Longitudinal health utilities, symptoms and toxicities in patients with ALK- rearranged lung cancer treated with tyrosine kinase inhibitors: a prospective real-world assessment
Abstract
Background: Tyrosine kinase inhibitors (TKIs) have significantly extended survival in patients with ALK-rearranged (ALK+) non-small-cell lung cancer (NSCLC). While clinical trials typically compare treatments in pairs, real-world data on health utility, symptoms, and toxicities enable broader comparisons across multiple TKIs in this population.
Methods: In a prospective cohort study, outpatients with ALK+ NSCLC treated with various TKIs between 2014 and 2018 were assessed every three months. Data collected included clinical and demographic information, patient-reported symptoms and toxicities, and EQ-5D-derived health utility scores (HUS).

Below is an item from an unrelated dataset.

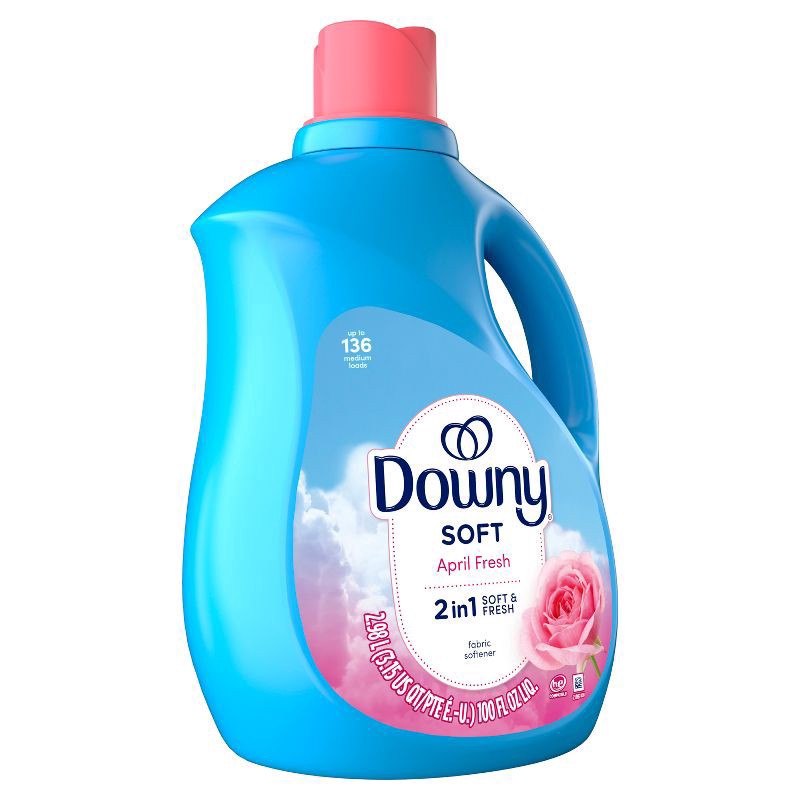 slide 12 of 12, Downy Soft & Fresh Liquid Fabric Softener - 100 fl oz, 100 fl oz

Results: Across 499 encounters involving 76 patients, each TKI maintained stable HUS during periods of disease control—even over extended timeframes. Mean overall HUS per TKI ranged from 0.805 to 0.858, and longitudinal HUS ranged from 0.774 to 0.912, with higher scores observed for second- and third-generation TKIs (alectinib, brigatinib, and lorlatinib). Disease progression corresponded to a mean HUS decline of 0.065 (95% CI: 0.02–0.11). Health utility scores negatively correlated with symptom burden and toxicity (ρ = –0.094 to –0.557). Patients on second- and third-generation TKIs experienced fewer symptoms and toxicities compared to those on crizotinib. In multivariable analysis, only stable disease status and baseline ECOG performance status were significantly associated with improved HUS.
Conclusions: In real-world practice, patients with ALK+ NSCLC maintained stable health utility while on TKIs, provided their disease remained controlled. Among the TKIs studied, alectinib, brigatinib, and lorlatinib demonstrated the most favorable toxicity profiles and highest longitudinal HUS.